The trade volumes of ICBT clearly demonstrate that, in general, trade in Africa and Southern Africa, in particular, is to a significant extent informal. ICBT volumes are estimated to be in the region of 30-40 per cent in the SADC region. International trade scholars argue that the benefits of informal cross-border trade include, but are not limited to; the provision of goods and services that are not available in the local market or selling these at a cheaper price, employment creation, increased demand for services provided by related industries such as transport and hospitality. It is important to highlight the fact that, the ICBT is largely conducted by self-employed immigrants and by micro, small, and medium-sized enterprises.

Given the direct link between ICBT and international migration, it can be concluded that the ICBTs ought to be made integral stakeholders and intended beneficiaries of the trade and migration policies. Informal economic activities, including the performances of these related activities in cross-border trade, require intentional policy interventions that regulate, regularise and facilitate the legal movement of people across international borders.
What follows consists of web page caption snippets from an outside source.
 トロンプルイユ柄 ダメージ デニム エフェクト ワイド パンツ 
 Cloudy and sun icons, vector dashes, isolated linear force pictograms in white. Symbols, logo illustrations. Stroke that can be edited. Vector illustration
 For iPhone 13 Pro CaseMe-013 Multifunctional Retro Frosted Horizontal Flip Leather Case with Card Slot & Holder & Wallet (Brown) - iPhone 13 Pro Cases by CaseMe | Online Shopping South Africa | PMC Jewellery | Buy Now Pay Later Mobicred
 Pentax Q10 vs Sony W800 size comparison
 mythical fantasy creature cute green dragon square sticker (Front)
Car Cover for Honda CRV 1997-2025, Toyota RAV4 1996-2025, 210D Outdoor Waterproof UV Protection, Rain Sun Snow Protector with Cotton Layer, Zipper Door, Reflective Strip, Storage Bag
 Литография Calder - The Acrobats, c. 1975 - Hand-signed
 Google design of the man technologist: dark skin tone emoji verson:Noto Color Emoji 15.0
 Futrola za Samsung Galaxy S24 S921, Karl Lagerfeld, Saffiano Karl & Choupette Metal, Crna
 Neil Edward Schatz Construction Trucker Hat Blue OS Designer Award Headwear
Therefore, the informality of immigrant-driven trade does not necessarily warrant its neglect from the broader trade-migration policy nexus and dare I also say, one of the proven realities of international trade. Therefore, ICBTs are playing a critical role not only in relation to economic activities but also in addressing fundamental social issues such as fighting poverty and hunger (which are prioritised in the United Nations Sustainable Development Goals 1 and 2), building bridges through people-to-people relations across neighbouring countries and contributing to the efforts aimed at boosting international interconnectivity and interdependence between countries.

Migration policies especially those dealing with immigration procedures to which visa regimes and requirements are embedded, generate numerous challenges for ICBTs. The challenges relate to issues such as limited stay visas ranging from 30 to 90 days per stay or per annum, depending on requirements such as the country of origin, type of passport and purpose of the visit to the country. ICBTs largely hold ordinary passports and generally get a 90 days visa and this is certainly not sufficient to cater for their numerous visits and movements in and out of the country. ICBTs engage in their economic activities as this is a source of their daily livelihoods, in other words, it is how they earn a living by buying and selling goods from one country for resale in their home countries.